> **What the exercise asks**
Start at the first line below and write out everything verbatim except the pictures.

> **Source material**
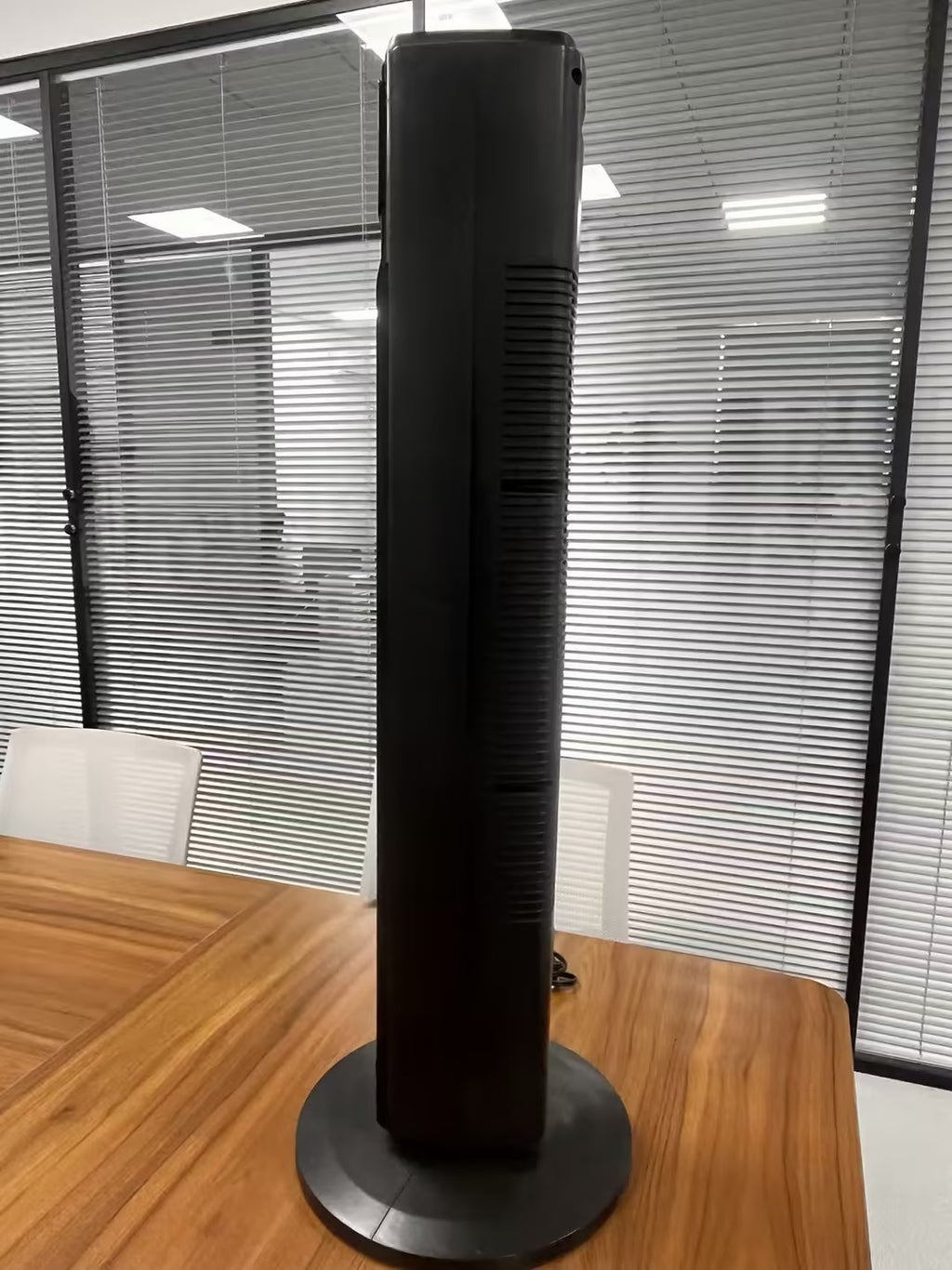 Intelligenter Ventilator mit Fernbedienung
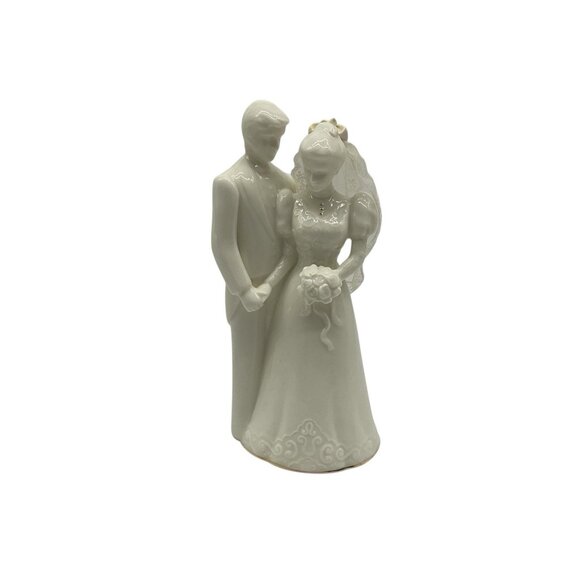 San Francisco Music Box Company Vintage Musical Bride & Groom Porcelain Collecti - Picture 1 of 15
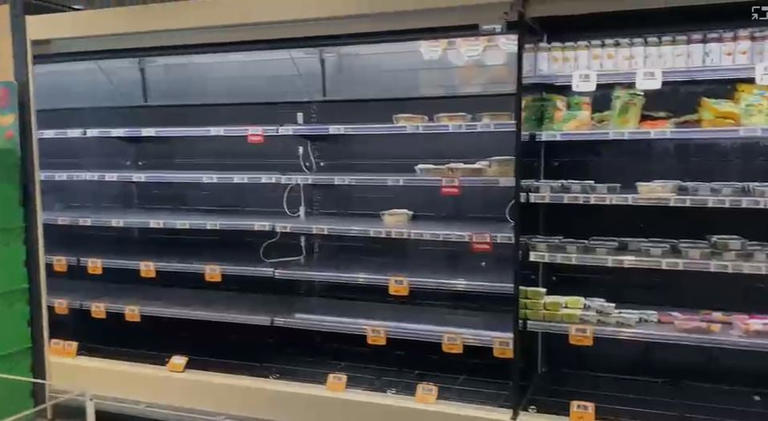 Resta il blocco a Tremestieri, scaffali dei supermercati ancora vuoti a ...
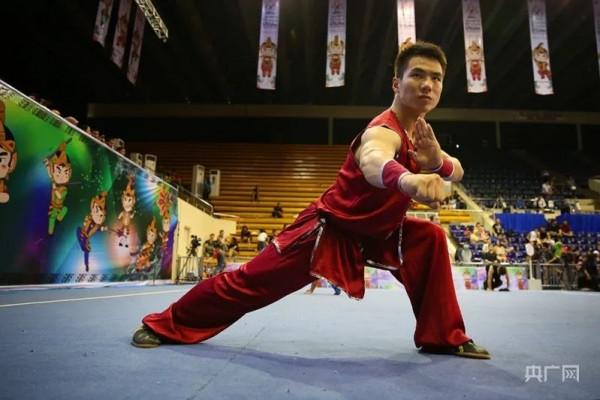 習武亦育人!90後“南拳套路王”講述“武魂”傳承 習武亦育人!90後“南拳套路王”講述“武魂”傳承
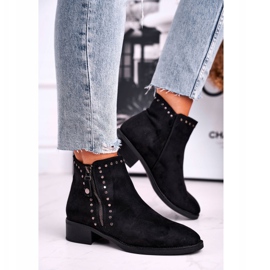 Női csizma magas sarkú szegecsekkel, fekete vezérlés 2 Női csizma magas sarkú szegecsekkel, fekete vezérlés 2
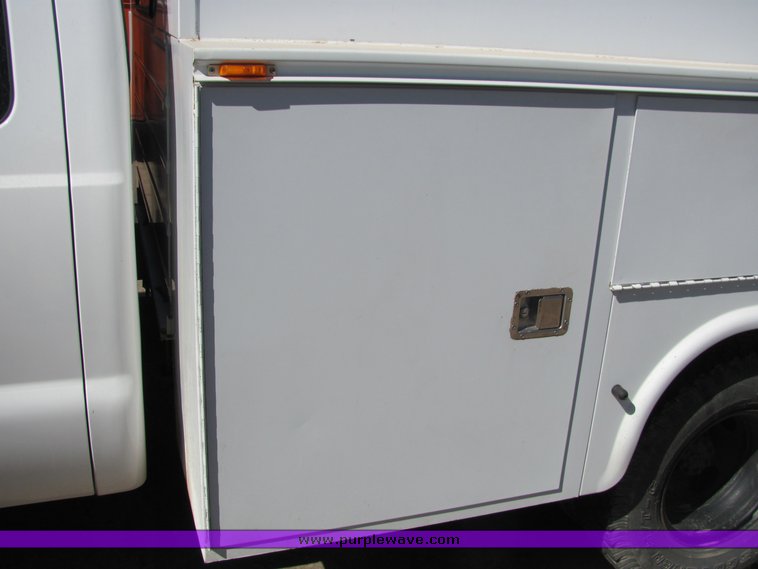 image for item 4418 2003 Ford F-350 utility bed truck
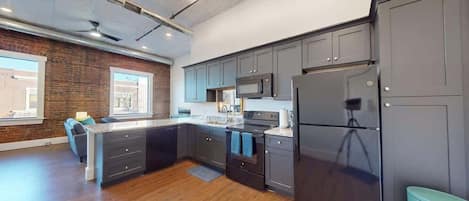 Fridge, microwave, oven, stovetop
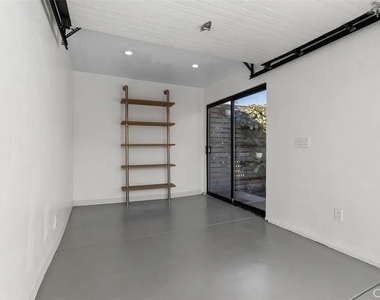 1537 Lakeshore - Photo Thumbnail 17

> **Result**
 Intelligenter Ventilator mit Fernbedienung
 San Francisco Music Box Company Vintage Musical Bride & Groom Porcelain Collecti - Picture 1 of 15
 Resta il blocco a Tremestieri, scaffali dei supermercati ancora vuoti a ...
 習武亦育人!90後“南拳套路王”講述“武魂”傳承 習武亦育人!90後“南拳套路王”講述“武魂”傳承
 Női csizma magas sarkú szegecsekkel, fekete vezérlés 2 Női csizma magas sarkú szegecsekkel, fekete vezérlés 2
 image for item 4418 2003 Ford F-350 utility bed truck
 Fridge, microwave, oven, stovetop
 1537 Lakeshore - Photo Thumbnail 17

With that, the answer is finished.